Another feature that would be quite interesting relates to my original project proposal which included creating a model for the sentiment of a given comment within a given subreddit and to use this comment sentiment, along with the sentiment of the post, and their possible differences, as features.  I was not sure which would give the greatest impact, but I believe that this has a definite possibility to allow for future insights.  For example, I would expect a positive comment on a positive post in 'funny' to, on average, get more karma than say a positive comment on a negative post in 'news'.  The tones of the subreddits are just different.  

Future work that doesn't involve a whole new project could be to incorporate additional subreddits in to our current modeling procedures and to see if there are trends between subreddits.  Another thing could be to simply add in more data.  Or perhaps adding in more, custom stopwords in addition to the default stopwords we already included could allow us to get more information out of our cleaned comments without us having to even do any more modeling.  

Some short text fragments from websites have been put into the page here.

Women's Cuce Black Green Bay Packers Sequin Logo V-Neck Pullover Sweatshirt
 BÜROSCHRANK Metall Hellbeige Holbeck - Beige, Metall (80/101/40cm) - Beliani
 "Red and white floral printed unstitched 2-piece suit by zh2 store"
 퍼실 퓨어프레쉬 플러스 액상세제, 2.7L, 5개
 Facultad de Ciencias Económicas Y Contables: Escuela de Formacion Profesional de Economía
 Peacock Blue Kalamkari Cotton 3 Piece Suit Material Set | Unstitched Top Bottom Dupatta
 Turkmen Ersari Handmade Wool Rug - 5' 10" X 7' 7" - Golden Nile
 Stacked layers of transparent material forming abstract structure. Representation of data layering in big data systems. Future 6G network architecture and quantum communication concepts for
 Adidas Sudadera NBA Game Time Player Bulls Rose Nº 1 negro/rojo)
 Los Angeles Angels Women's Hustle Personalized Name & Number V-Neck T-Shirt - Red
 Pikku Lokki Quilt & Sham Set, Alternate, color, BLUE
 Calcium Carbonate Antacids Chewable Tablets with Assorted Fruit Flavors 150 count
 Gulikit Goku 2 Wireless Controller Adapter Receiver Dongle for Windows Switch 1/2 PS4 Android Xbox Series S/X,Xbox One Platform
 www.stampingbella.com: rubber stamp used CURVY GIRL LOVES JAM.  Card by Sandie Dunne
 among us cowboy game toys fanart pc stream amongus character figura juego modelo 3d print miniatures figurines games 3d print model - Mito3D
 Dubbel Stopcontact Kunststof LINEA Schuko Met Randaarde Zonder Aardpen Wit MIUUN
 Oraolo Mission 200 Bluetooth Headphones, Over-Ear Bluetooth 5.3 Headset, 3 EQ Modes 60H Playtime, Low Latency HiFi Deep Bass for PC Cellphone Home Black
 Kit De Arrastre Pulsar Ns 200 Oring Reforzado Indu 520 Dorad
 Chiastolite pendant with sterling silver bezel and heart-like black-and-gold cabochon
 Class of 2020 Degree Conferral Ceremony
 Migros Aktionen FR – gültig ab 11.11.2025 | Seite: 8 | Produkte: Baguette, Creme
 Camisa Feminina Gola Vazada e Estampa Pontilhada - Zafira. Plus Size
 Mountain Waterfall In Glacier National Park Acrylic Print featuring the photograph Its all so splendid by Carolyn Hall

Overall this project serves as a very light dip in to the analysis of reddit comments.  I believe that the best way to carry on this project in the future would be to look in to the way the data is pulled and get useable time-related information.  With what we have already done we have a basic outline of many hyperparameters that work and ones which don't which would streamline future modeling choices and vastly reduce the time it would take to test new architectures and hyperparameters.